▸ TASK PROMPT
Could you return all of the entries below exactly, minus the pictures?

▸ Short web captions
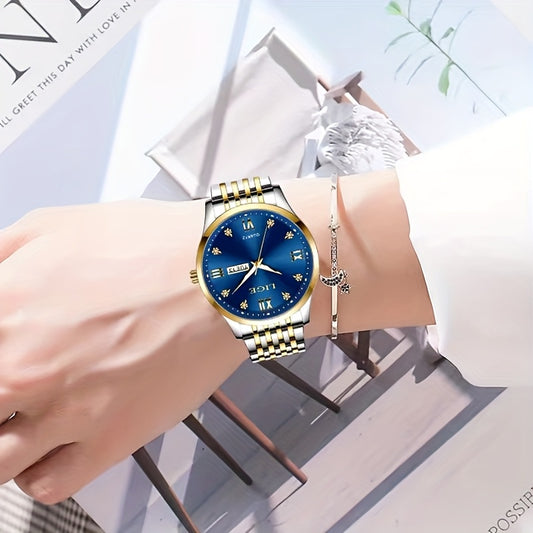 LIGE Women's Elegant Luxury Watch - Blue Dial with Roman Numerals, Quartz Movement, Battery-Powered Watch for Everyday, Formal, Travel - Perfect Gift for Valentine's, Birthdays, Anniversaries - Compatible with Formal & Casual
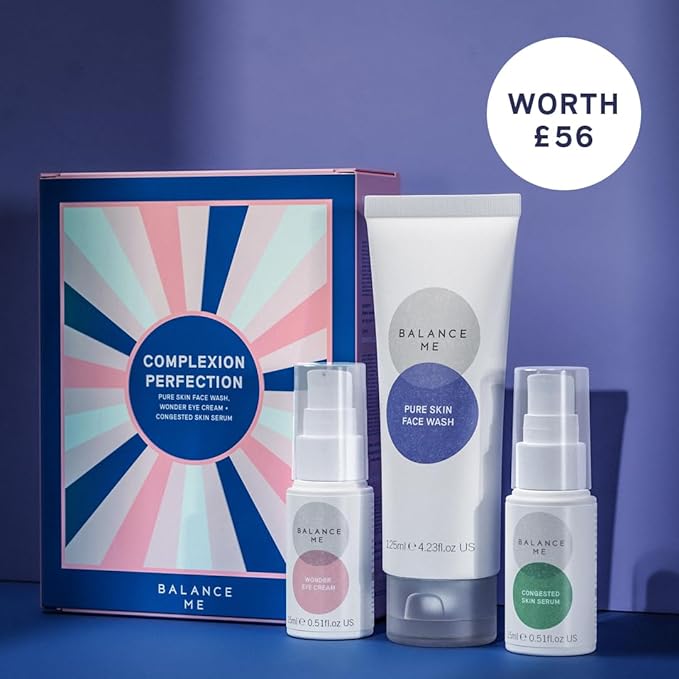 Balance Me Gift Set Complexion Perfection Trio Pure Skin Face Wash Wonder Eye Cream Congested Skin Serum Refreshed Bright Vegan Natural Care 1 each Complexion Perfection Set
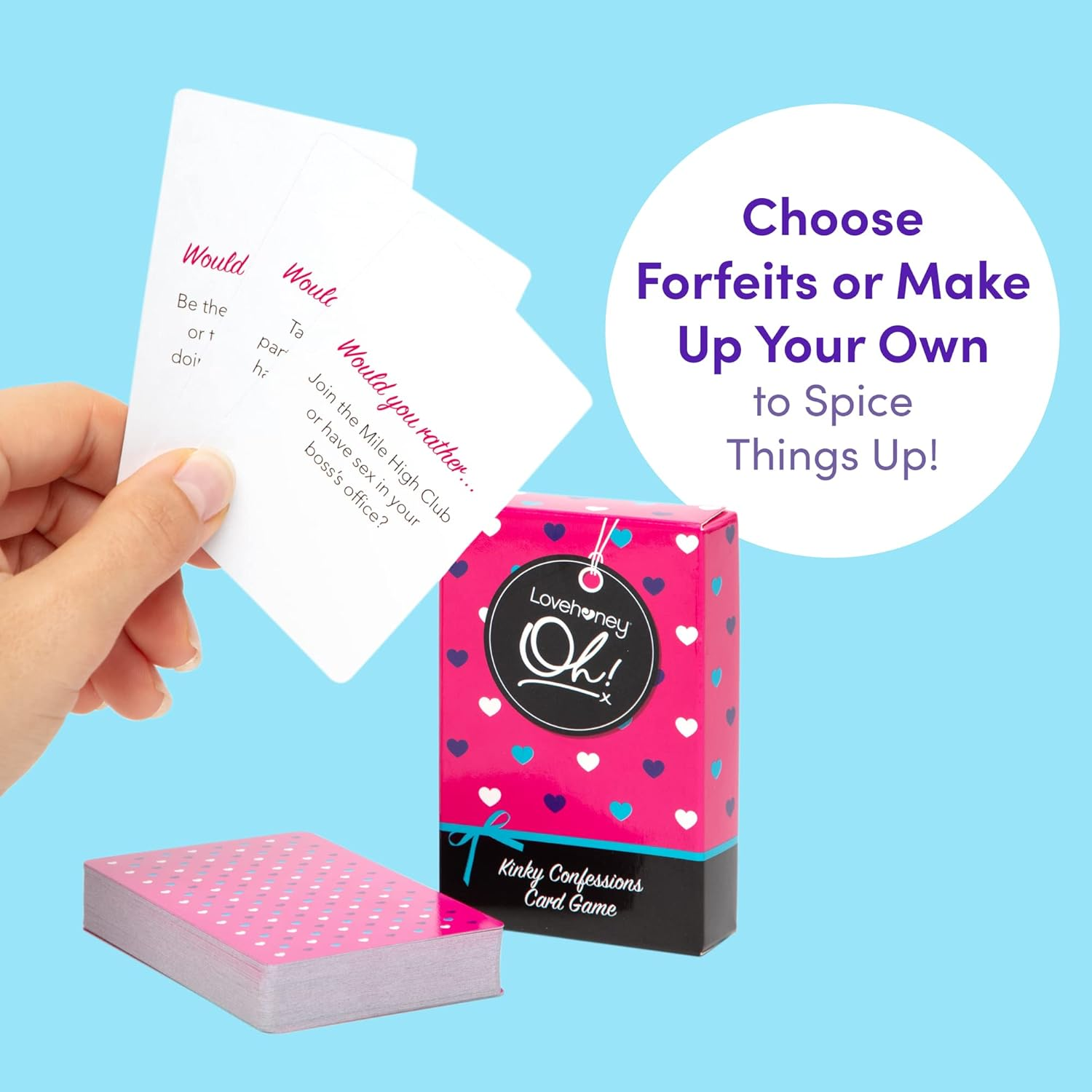 Lovehoney Oh! Kinky Confessions Truth or Dare Adult Card Game for Couples & Friends - Pack of 52 image number 2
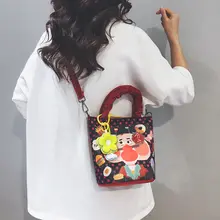 かわいいデザインの小型キャンバスバッグ【お弁当バッグ・手提げ・斜め掛け可能】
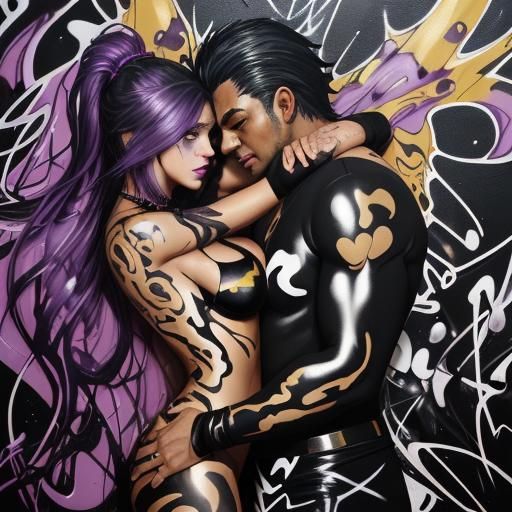 Cuddling Couple in Black and White Graffiti Art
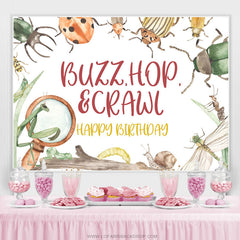 Summen Hop Ecrawl Insekt Glücklich Geburtstag Hintergrund Für Kind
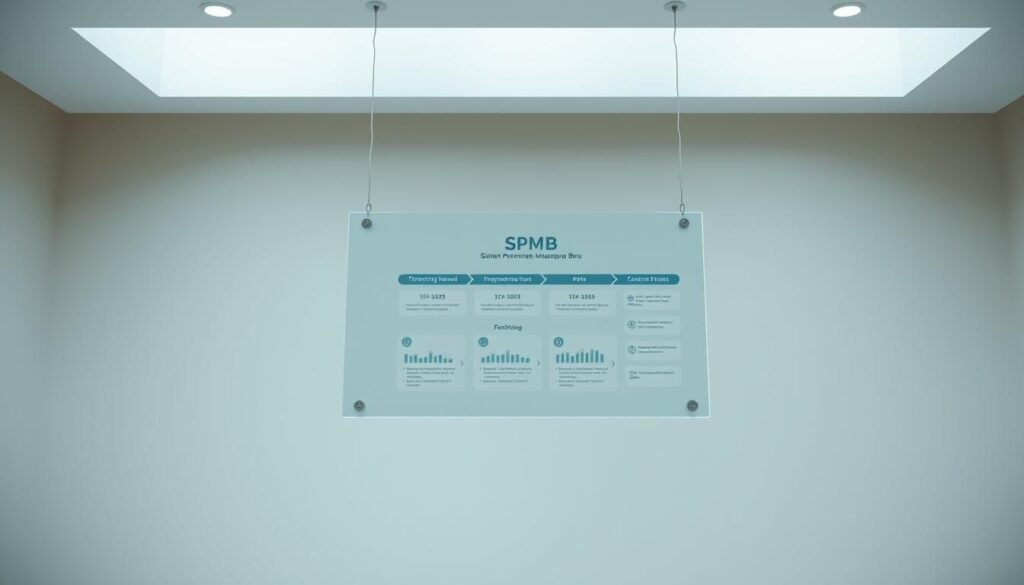 A transparent, glass-like information panel suspended in a minimalist, well-lit space. The panel displays a simplified diagram of the SPMB (Sistem Penerimaan Mahasiswa Baru) process, with clearly labeled steps and data visualizations. The background is a serene, neutral color, allowing the panel to take center stage. Soft, diffused lighting from above casts a subtle glow, highlighting the panel's transparency and the refined, understated design. The overall atmosphere conveys a sense of clarity, openness, and professionalism, emphasizing the importance of transparency in the SPMB system.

▸ COMPLETED EXERCISE
 LIGE Women's Elegant Luxury Watch - Blue Dial with Roman Numerals, Quartz Movement, Battery-Powered Watch for Everyday, Formal, Travel - Perfect Gift for Valentine's, Birthdays, Anniversaries - Compatible with Formal & Casual
 Balance Me Gift Set Complexion Perfection Trio Pure Skin Face Wash Wonder Eye Cream Congested Skin Serum Refreshed Bright Vegan Natural Care 1 each Complexion Perfection Set
 Lovehoney Oh! Kinky Confessions Truth or Dare Adult Card Game for Couples & Friends - Pack of 52 image number 2
 かわいいデザインの小型キャンバスバッグ【お弁当バッグ・手提げ・斜め掛け可能】
 Cuddling Couple in Black and White Graffiti Art
 Summen Hop Ecrawl Insekt Glücklich Geburtstag Hintergrund Für Kind
 A transparent, glass-like information panel suspended in a minimalist, well-lit space. The panel displays a simplified diagram of the SPMB (Sistem Penerimaan Mahasiswa Baru) process, with clearly labeled steps and data visualizations. The background is a serene, neutral color, allowing the panel to take center stage. Soft, diffused lighting from above casts a subtle glow, highlighting the panel's transparency and the refined, understated design. The overall atmosphere conveys a sense of clarity, openness, and professionalism, emphasizing the importance of transparency in the SPMB system.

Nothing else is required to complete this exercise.